The figurative representation of the Buddha eventually became accepted and widespread. This large, standing Buddha (third century CE) comes from a monastery at Nelakondapalli. This site contained a great stupa with a twenty-four-spoke-wheel-configuration floor plan that was forty-two meters in diameter.


This Buddha presents with the four principal laksanas (auspicious signs and marks) – spiral hair on forehead, tight clockwise spirals of hair, a topknot, and distended earlobes. A unique feature of this Buddha is his eyes. His pupils are rolled back and up into his skull reflecting a graceful pose of deep meditation.

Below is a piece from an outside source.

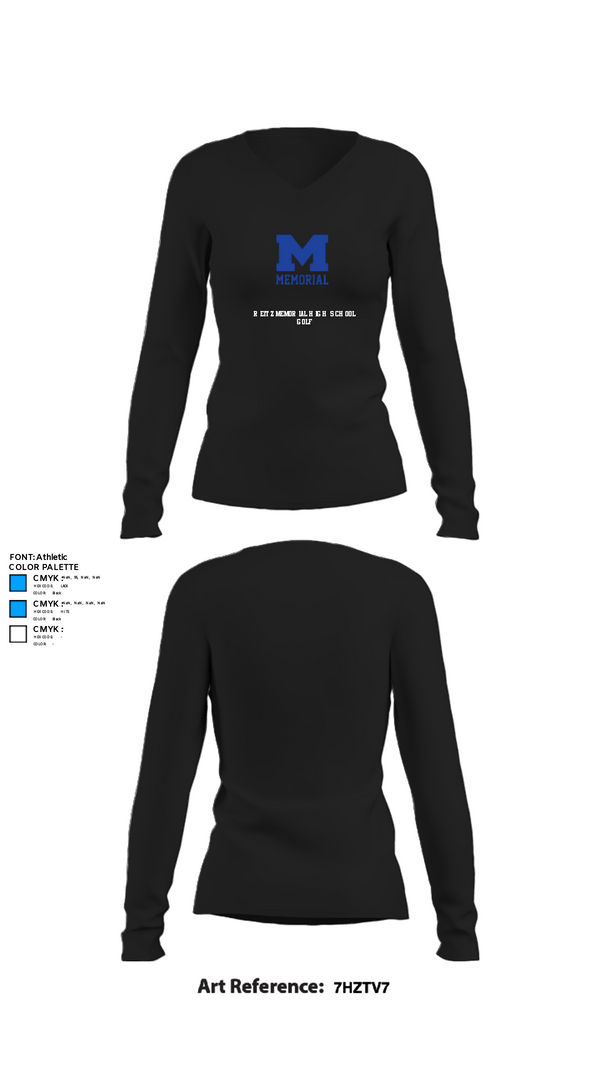 Womens Long Sleeve Vneck Shirt, Reitz Memorial High School Golf, Golf, Teamtime, Team time, sublimation, custom sports apparel, team uniforms, spirit wear, spiritwear, sports uniforms, custom shirts, team store, custom team store, fundraiser sports, apparel fundraiser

Dome cornice fragment, makara disgorging garland, limestone, Amaravati Great Stupa


Early Buddhism was a religion and a philosophy of life, but it was also a business that needed funds and resources to operate. Local villages provided land and food from the fields. People donated money to build sites in order to gain karmic merit. Political leaders supported the development and worship of specific sites as part of their rule. Cash came in and out for business ventures. Investments were made and liquidated. The Buddha sanctioned this commerce when he said, “‘if a monk buys without seeking a profit, and if a monk sells without seeking a profit, in both there is no offense.’”

 

1 The quotes in this Issue come from John Guy, Tree & Serpent, Early Buddhist Art in India, The Met, Yale University Press, 2023, Pages 25, 77, 107-108, 112-113, 119, and 215-217.